Before the ban was debated, I attended a one-day seminar at a hotel right next door to the Holyrood parliament hosted by the Scottish licensed trade. All 129 MSPs were invited to come and meet publicans and hoteliers from their constituencies. I was the only MSP to turn up.

The Health Bill was passed with great celebration by the bullies and their hangers on. After a year from the introduction of the ban in March 2006, a seminar was organised in Edinburgh to tell the world how Scotland was leading the way in tobacco control – more trumpets blared when an unbelievable drop in heart attacks by 17 per cent was proclaimed.

It was unbelievable because it was a lie, and it wasn't the first to be told.

In fact, the truth can be found on Chris Snowdon's website velvetgloveiron fist.com, but it's rather long and complex so, to put it simply, the health statistics were distorted and did not compare lemons in 2006 with lemons in 2007 – they compared lemons in 2006 with cucumbers in 2007.

Similar claims about a fall in smoking rates were exposed last month. Rather than the big fall that was claimed, the Office of National Statistics has revealed the number of smokers in Scotland fell from 25 per cent before the ban to 24 per cent after it. As smoking has been falling for the last 20 years, this change is of no statistical significance and cannot be attributed to the ban.

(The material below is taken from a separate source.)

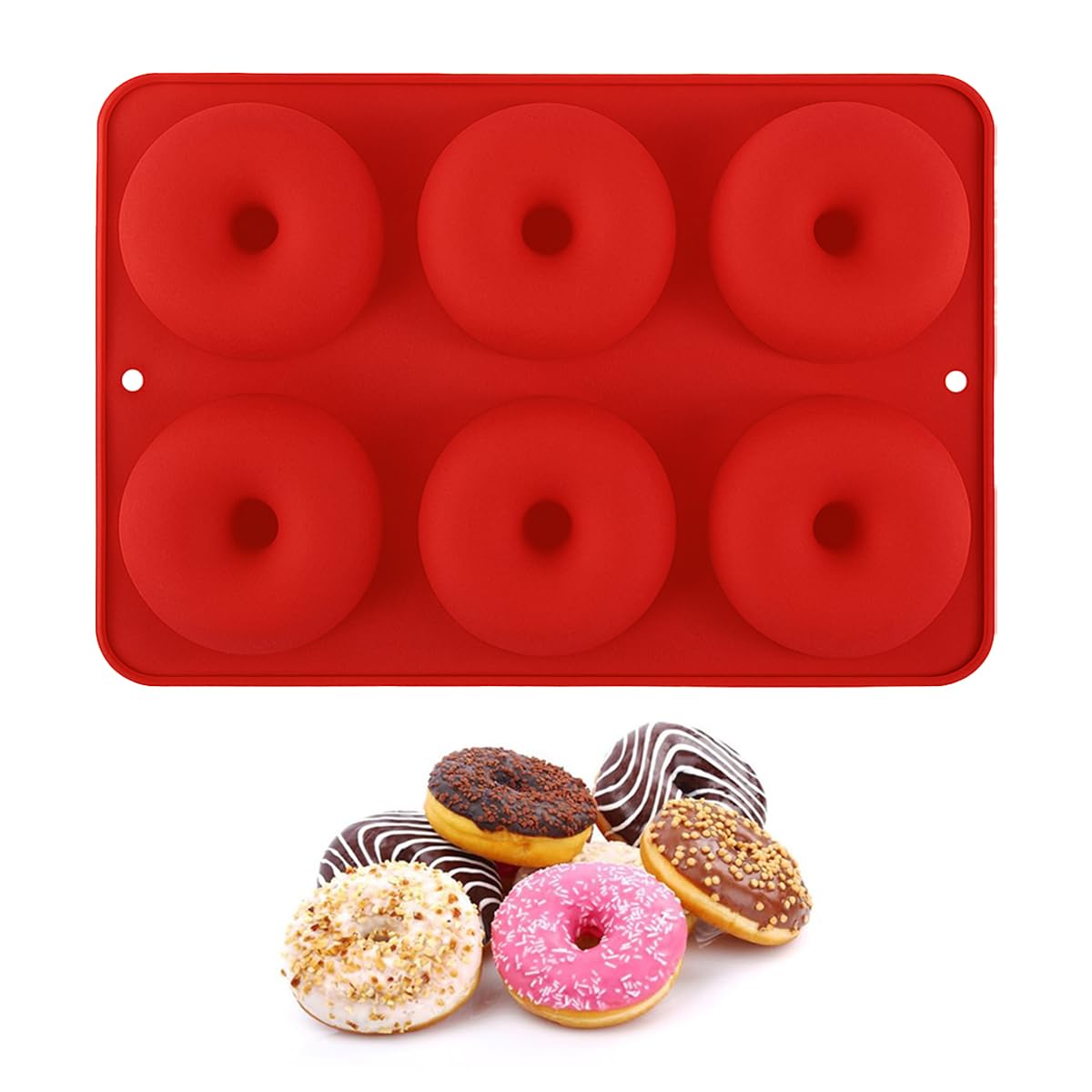 HASTHIP® Silicone Donut Mold Non-Stick 3-Pack Baking Tray Set, 6-Cavity Round Donut Pan for Oven, BPA Free Silicone Doughnut Mold for Cupcakes, Muffins, Bagels, Easy Release Bakeware - Red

Now the truth about the effect on our licensed trade is out in the open, too – on Monday, we were told that three Scottish pubs are closing every week and it is the community-based pubs that are closing the most.

I'm not going to try and claim that all of the problems that our pubs face are due to the smoking ban. They face new and complex legislation that was meant to make licensing simple but it has ended up more complicated and more costly.

They have been banned from having any drinks promotions such as happy hours or a half and a nip for pensioners on quiet afternoons, and let's not forget people have less in their pockets to spend. Any one of these would be a burden, but all three and the smoking ban? It's just too much for some and they are closing.

The reason is simple – booze in supermarkets is cheap, can be promoted legally with discounts and people can still smoke and drink at home. I remember warning this would cause far more fires at home – scaremongering I was accused of – but the sad fact is that deaths from fires caused at home by cigarettes have doubled.

Politicians remain in denial, they will not accept the smoking ban as a contributory factor to pub closures, nor do they admit that the health gains have been exaggerated and they go all quiet when you mention that the number of smokers refuses to fall or the deaths from fires.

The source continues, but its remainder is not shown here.